This R code creates a captivating data visualization exploring Groundhog Day predictions in the USA, utilizing TidyTuesday data for week 5, 2024. The visualization comprises three subplots, each offering distinct insights into predictor distribution, temporal trends, and top predictors.

The Code

# Load necessary libraries
library(tidyverse)
## ── Attaching core tidyverse packages ──────────────────────── tidyverse 2.0.0 ──
## ✔ dplyr     1.1.2     ✔ readr     2.1.4
## ✔ forcats   1.0.0     ✔ stringr   1.5.0
## ✔ ggplot2   3.4.3     ✔ tibble    3.2.1
## ✔ lubridate 1.9.2     ✔ tidyr     1.3.0
## ✔ purrr     1.0.2     
## ── Conflicts ────────────────────────────────────────── tidyverse_conflicts() ──
## ✖ dplyr::filter() masks stats::filter()
## ✖ dplyr::lag()    masks stats::lag()
## ℹ Use the conflicted package (<http://conflicted.r-lib.org/>) to force all conflicts to become errors
library(tidytuesdayR)
library(showtext)
## Lade nötiges Paket: sysfonts
## Lade nötiges Paket: showtextdb
library(glue)
library(ggtext)
library(cropcircles)
## Warning: Paket 'cropcircles' wurde unter R Version 4.3.2 erstellt
library(magick)
## Linking to ImageMagick 6.9.12.3
## Enabled features: cairo, freetype, fftw, ghostscript, heic, lcms, pango, raw, rsvg, webp
## Disabled features: fontconfig, x11
library(patchwork)
library(maps)
## 
## Attache Paket: 'maps'
## 
## Das folgende Objekt ist maskiert 'package:purrr':
## 
##     map
library(thematic)

# Set background color and colors for data points
bg <- "white"
col1 <- okabe_ito()[1]
col2 <- okabe_ito()[2]

# Define symbols for Twitter, Mastodon, Link, and Data
twitter <- glue("<span style='color:{col2};font-family:fa-brands;'>&#xf099;</span>")
mastodon <- glue("<span style='color:{col2};font-family:fa-brands;'>&#xf4f6;</span>")
link <- glue("<span style='color:{col2};font-family:fa-solid;'>&#xf0c1;</span>")
data <- glue("<span style='color:{col2};font-family:fa-solid;'>&#xf1c0;</span>")
space <- glue("<span style='color:{bg}'>-</span>")
space2 <- glue("<span style='color:{bg}'>--</span>") # Horizontal lines for formatting.
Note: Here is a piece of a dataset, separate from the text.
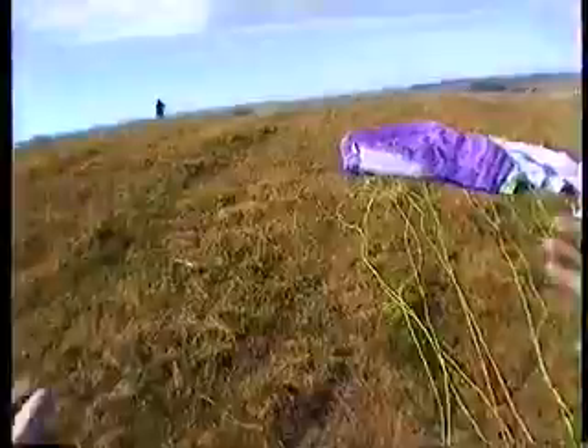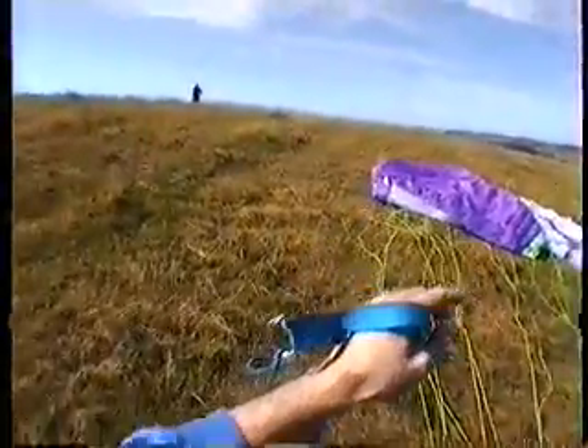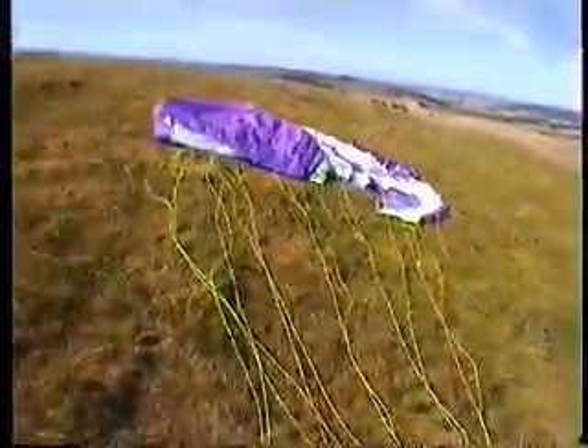If it's going wrong, back down. That would be an indication that the breeze was with a thermal that had passed, and then you're getting the suck back. So if it's not going good, just drop it and lay out again.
# Define subtitles for each subplot
s.1 <- glue("
	<strong>Predictor Distribution Across the USA</strong><br>
	The size of the points indicates how many predictions have already been made by the predictor.
	<br>The color indicates whether this predictor <span style='color:{col2};'><strong>
	is a living groundhog</strong></span> or <span style='color:{col1};'><strong>not</strong></span>.
	")
s.2 <- glue("
	<strong>Temporal Trends in Groundhog Predictions:</strong><br>
	An Exploration of Predictions in the USA (Post-2000)<br>
	<span style='color:{col1};'><strong>Early Spring</strong></span> vs. 
	<span style='color:{col2};'><strong>More Winter</strong></span>.
	")
s.3 <- glue("
	<strong>Visualizing Groundhog Predictions:</strong><br>
	Top 6 predictors with most predictions in the USA<br>
	<span style='color:{col1};'><strong>Early Spring</strong></span> vs. 
	<span style='color:{col2};'><strong>More Winter</strong></span>.
	")

# Define title and caption
t <- "<strong>Exploring Groundhog Day: Predictor Distribution, 
	Temporal Trends, and Top Predictors in the USA</strong>"
cap <- glue("{twitter}{space2}@web_design_fh{space2} 
	{space2}{mastodon}{space2}@frankhaenel @fosstodon.org{space2}
	{space2}{link}{space}{space2}www.frankhaenel.de{space2}
	{data}{space2}groundhog-day.com")

# Load TidyTuesday data for week 5, 2024
tuesdata <- tidytuesdayR::tt_load(2024, week = 5)
## --- Compiling #TidyTuesday Information for 2024-01-30 ----
## --- There are 2 files available ---
## --- Starting Download ---
## 
## 	Downloading file 1 of 2: `predictions.csv`
## 	Downloading file 2 of 2: `groundhogs.csv`
## --- Download complete ---
groundhogs <- tuesdata$groundhogs
predictions <- tuesdata$predictions

# Add Font Awesome fonts
font_add('fa-reg', 'c:/Users/info/OneDrive/Dokumente/fonts/Font Awesome 6 Free-Regular-400.otf')
font_add('fa-brands', 'c:/Users/info/OneDrive/Dokumente/fonts/Font Awesome 6 Brands-Regular-400.otf')
font_add('fa-solid', 'c:/Users/info/OneDrive/Dokumente/fonts/Font Awesome 6 Free-Solid-900.otf')
showtext_auto()

# Create subplot 1: US States map with groundhog predictions
us_states <- map_data("state")
sub.1 <- ggplot() +
  geom_polygon(data = us_states,
               mapping = aes(x = long, y = lat,
                             group = group), fill = "white", color = "black") +
  geom_point(data = groundhogs %>% filter(country == "USA"),
             aes(x=longitude, y = latitude,
                 size=predictions_count, color=is_groundhog),
             show.legend = FALSE) +
  theme_void() +
  scale_color_manual(values=c(col1, col2)) +
  labs(subtitle = s.1) +
  theme(plot.subtitle = element_markdown())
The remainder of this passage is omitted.